How to choose one of the largest elements in a col

2019-04-09 13:35发布

问题:

I have a list of tuples, and I want to find the tuples with the largest x value. In the case where there are multiple largest x values, I want to choose one at random. I can't figure out how to implement this random selection functionality. Below is the code I have so far:

public void testSelectRandomFromLargestVals() {
    List<Tuple<Integer, String>> list = new ArrayList<>();
    list.add(new Tuple<>(5, "five-1"));
    list.add(new Tuple<>(2, "two"));
    list.add(new Tuple<>(3, "three"));
    list.add(new Tuple<>(5, "five-2"));
    list.add(new Tuple<>(5, "five-3"));

    Optional<Tuple<Integer, String>> largestTuple = list.stream().max((t1, t2) -> Integer.compare(t1.x, t2.x));
    System.out.println("Largest tuple is: " + largestTuple.get().x + " value is: " + largestTuple.get().y);
}

public class Tuple<X, Y> {
    public final X x;
    public final Y y;
    public Tuple(X x, Y y) {
        this.x = x;
        this.y = y;
    }
    @Override
    public boolean equals(Object o) {
        if (this == o) return true;
        if (o == null || getClass() != o.getClass()) return false;
        Tuple<?, ?> tuple = (Tuple<?, ?>) o;
        if (!x.equals(tuple.x)) return false;
        return y.equals(tuple.y);
    }
    @Override
    public int hashCode() {
        int result = x.hashCode();
        result = 31 * result + y.hashCode();
        return result;
    }
}

回答1:

It turns out that Misha's one-pass random selector (nice work, +1) can be combined with my one-pass max-value collector from this other answer into a single collector. This allows a random element from the set of maximal ones to be selected in a single pass.

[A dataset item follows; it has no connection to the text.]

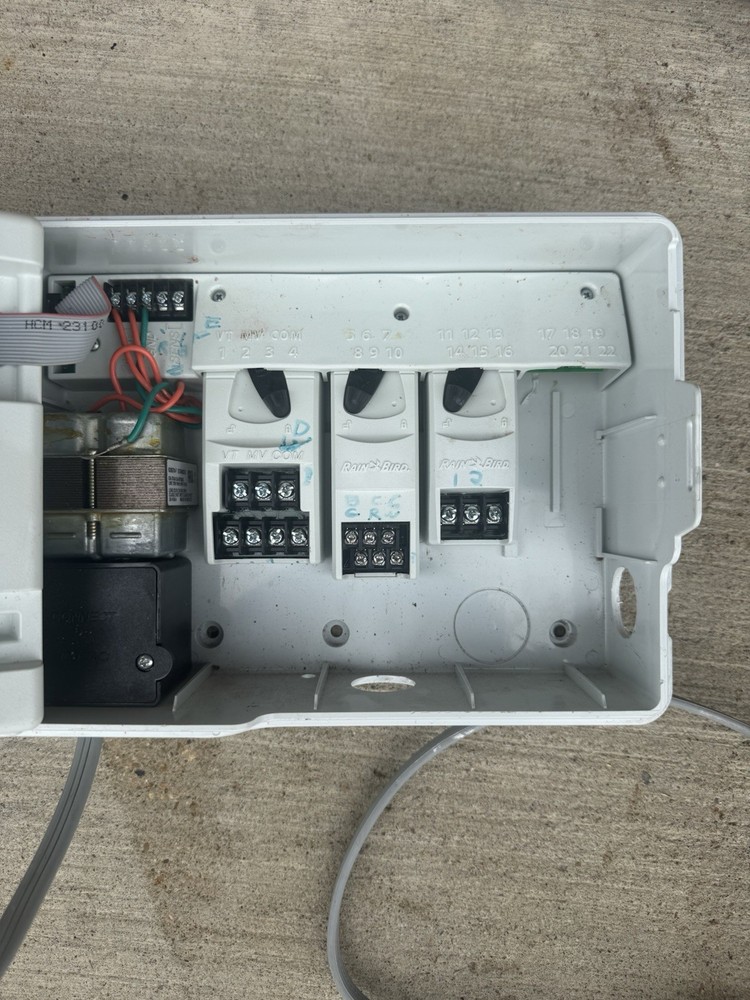 Rain Bird ESP-Me Digital Sprinkler Controller Rain Sensor Auto Run Outdoor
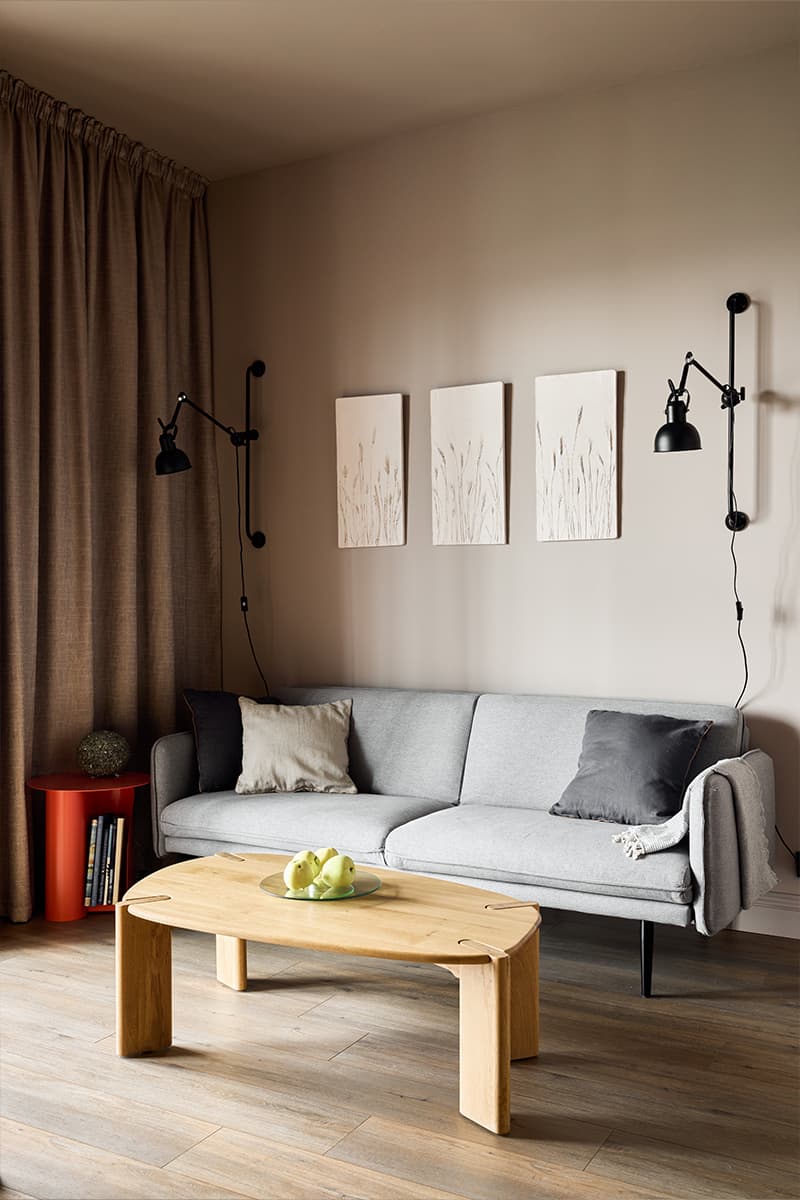 Наполненный цветом и теплыми фактурами интерьер квартиры с кабинетом на лоджии — проект Полины Коптевой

Here's the merged collector:

static <T> Collector<T, ?, Optional<T>> rndMax(Comparator<? super T> cmp) {
    class RndMax {
        T val;
        int cnt;

        void add(T t) {
            int c;
            if (cnt == 0 || (c = cmp.compare(t, val)) > 0) {
                cnt = 1;
                val = t;
            } else if (c == 0) {
                cnt++;
                if (ThreadLocalRandom.current().nextInt(cnt) == 0) {
                    val = t;
                }
            }
        }

        RndMax merge(RndMax other) {
            if (cnt == 0) {
                return other;
            }

            if (other.cnt == 0) {
                return this;
            }

            int c = cmp.compare(val, other.val);
            if (c < 0) {
                return other;
            } else if (c > 0) {
                return this;
            } else {
                cnt += other.cnt;
                if (ThreadLocalRandom.current().nextInt(cnt) < other.cnt) {
                    val = other.val;
                }
                return this;
            }
        }

        Optional<T> finish() {
            return cnt == 0 ? Optional.empty() : Optional.of(val);
        }
    }

    return Collector.of(RndMax::new, RndMax::add, RndMax::merge, RndMax::finish);
}

You'd invoke it like this:

List<Tuple<Integer,String>> list = ... ;
Optional<Tuple<Integer,String>> max =
    list.stream().collect(rndMax(Comparator.comparingInt(t -> t.x)));


回答2:

For most practical purposes, @Bohemian's shuffle-based solution is the best, but since you expressed an interest in an approach that's constant in memory, you can do it with a custom Collector that chooses a random element:

public static <T> Collector<T, ?, Optional<T>> random() {
    class Rnd {

        T val;
        int cnt;

        void add(T t) {
            cnt++;
            if (ThreadLocalRandom.current().nextInt(cnt) == 0) {
                val = t;
            }
        }

        Rnd merge(Rnd other) {
            cnt += other.cnt;
            if (ThreadLocalRandom.current().nextInt(cnt) < other.cnt) {
                val = other.val;
            }
            return this;
        }

        Optional<T> finish() {
            return cnt == 0 ? Optional.empty() : Optional.of(val);
        }

    }

    return Collector.of(Rnd::new, Rnd::add, Rnd::merge, Rnd::finish);
}

With that, you can make one pass to find the largest x and another to pick a random matching tuple:

int largestX = list.stream().mapToInt(t -> t.x).max()
        .getAsInt();  // or throw if list is empty

Tuple<Integer, String> randomLargestTuple = list.stream()
        .filter(t -> largestX == t.x)
        .collect(random())
        .get();


回答3:

Simple answer is to shuffle first:

List<Tuple<Integer, String>> copy = new ArrayList<>(list);
Collections.shuffle(copy);
Tuple<Integer, String> largestTuple = Collections.max(copy, Comparator.comparingInt(t -> t.x)); // credit @Holger

The element returned by max() is influenced by encounter order, so shuffling effectively makes it random.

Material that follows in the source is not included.